It now takes the fingers of both hands to count up the number of smart Indian restaurants that occupy significant sites across London's West End.
There is the grandfather of them all, Veeraswamy, on Swallow Street; the Gaylord on Mortimer Street; the Red Fort on Dean Street; Benares on Berkeley Square; Chutney Mary on St James's Street; Quilon on Buckingham Gate; Gymkhana on Albemarle Street, sister to Trishna in Marylebone.
Then there are two newcomers: Indian Accent, further up Albemarle Street, and Jamavar that opened a year ago on Mount Street.
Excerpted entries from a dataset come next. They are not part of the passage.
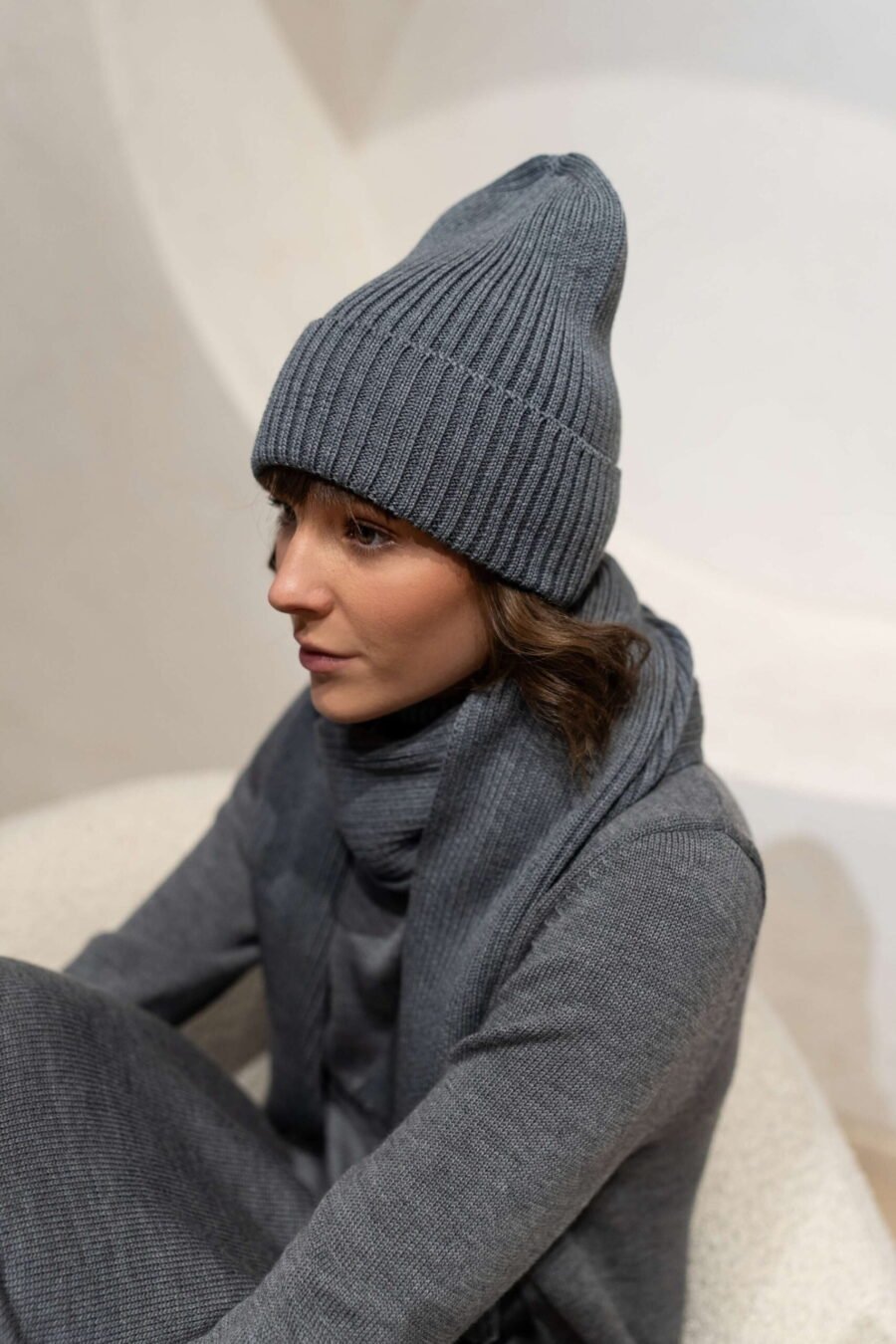 Grey ribbed beanie hat in merino wool. Paired with a matching scarf and a turtleneck dress.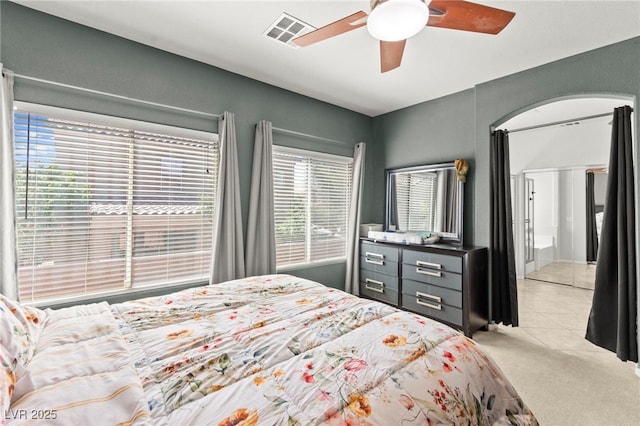7641 Lani Dawn St, Las Vegas, NV 89149 - carpeted bedroom with a ceiling fan and tile patterned flooring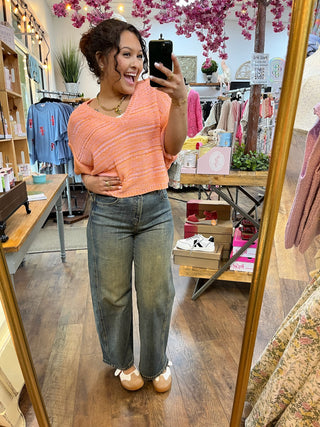 Coral crochet short-sleeve top with textured knit pattern paired with denim jeans.
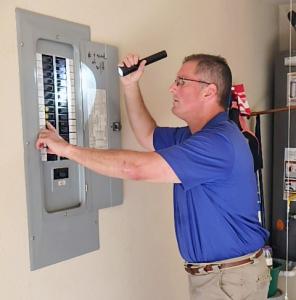 Home Inspector inspecting electrical panel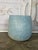 A beautifully understated terracotta planter featuring a clean, rounded silhouette and a softly weathered blue-gray...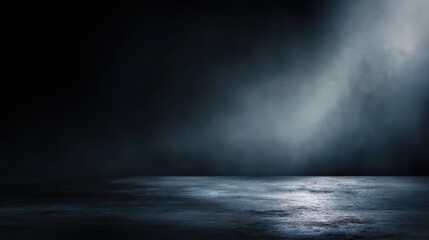 Dark, atmospheric scene with textured wet floor and misty blue-grey lighting. Empty stage or abstract background with dramatic mood, blurred black background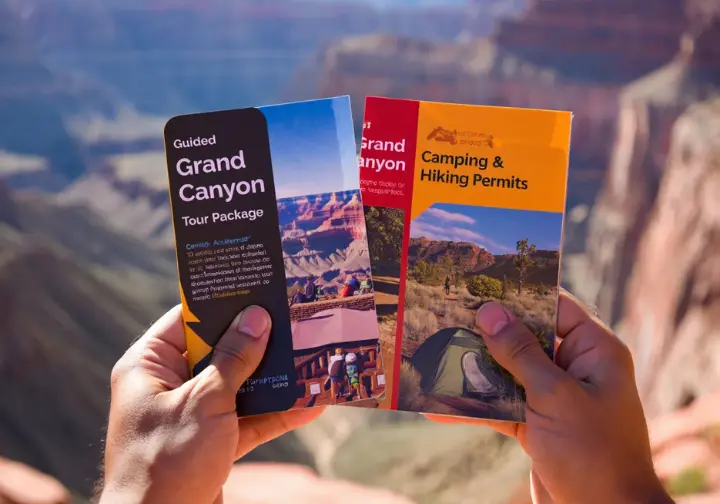 Making your decision: Hands holding brochures comparing a guided Grand Canyon package versus DIY options.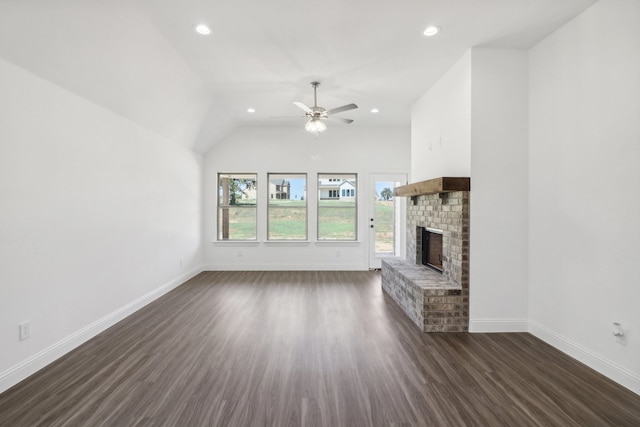 unfurnished living room with a brick fireplace, vaulted ceiling, ceiling fan, and dark hardwood / wood-style floors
Only slightly less smart perhaps, but with a daily queue outside it, is the branch of Dishoom on St Martin's Lane.
There seem to be three reasons for all these openings. The first is the growing number of those from the Indian subcontinent who have either made London their home or who have a second home here. A quick look at the customers enjoying any one of these restaurants confirms this.
The second, on top of the long historical associations between the UK and India, is the increasing penchant of those living in the UK for spice in their food, a particular attraction of Indian cooking. And this essential ingredient is an added attraction for any visitor to London. My list of recommendations for overseas visitors invariably includes a visit to one of these restaurants for a style of cooking that is not widely available in their own country.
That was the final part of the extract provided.